**What to work on:**
The answer is every line of the records that holds the word "with", copied in full.

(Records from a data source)
┄┄┄┄┄┄┄┄┄┄┄┄┄┄┄┄┄┄┄┄

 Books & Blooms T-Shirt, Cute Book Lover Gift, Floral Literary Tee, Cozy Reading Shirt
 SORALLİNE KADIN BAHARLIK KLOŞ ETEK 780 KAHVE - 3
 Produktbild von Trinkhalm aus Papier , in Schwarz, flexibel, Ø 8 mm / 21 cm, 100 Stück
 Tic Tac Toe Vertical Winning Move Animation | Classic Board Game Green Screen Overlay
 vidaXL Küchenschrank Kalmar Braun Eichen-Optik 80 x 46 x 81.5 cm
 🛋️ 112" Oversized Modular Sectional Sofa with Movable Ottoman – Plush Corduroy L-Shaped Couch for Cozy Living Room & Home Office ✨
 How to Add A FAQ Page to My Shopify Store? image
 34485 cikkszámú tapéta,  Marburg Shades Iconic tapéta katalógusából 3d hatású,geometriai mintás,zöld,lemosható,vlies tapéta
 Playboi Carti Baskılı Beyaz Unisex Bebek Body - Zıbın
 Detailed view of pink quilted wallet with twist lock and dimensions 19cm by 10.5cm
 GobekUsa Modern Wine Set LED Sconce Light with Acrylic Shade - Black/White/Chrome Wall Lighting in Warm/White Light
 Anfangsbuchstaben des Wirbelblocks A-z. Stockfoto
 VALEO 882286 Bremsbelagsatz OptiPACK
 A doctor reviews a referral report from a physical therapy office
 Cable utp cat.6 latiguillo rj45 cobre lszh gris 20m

┄┄┄┄┄┄┄┄┄┄┄┄┄┄┄┄┄┄┄┄

**Task output:**
 🛋️ 112" Oversized Modular Sectional Sofa with Movable Ottoman – Plush Corduroy L-Shaped Couch for Cozy Living Room & Home Office ✨
 Detailed view of pink quilted wallet with twist lock and dimensions 19cm by 10.5cm
 GobekUsa Modern Wine Set LED Sconce Light with Acrylic Shade - Black/White/Chrome Wall Lighting in Warm/White Light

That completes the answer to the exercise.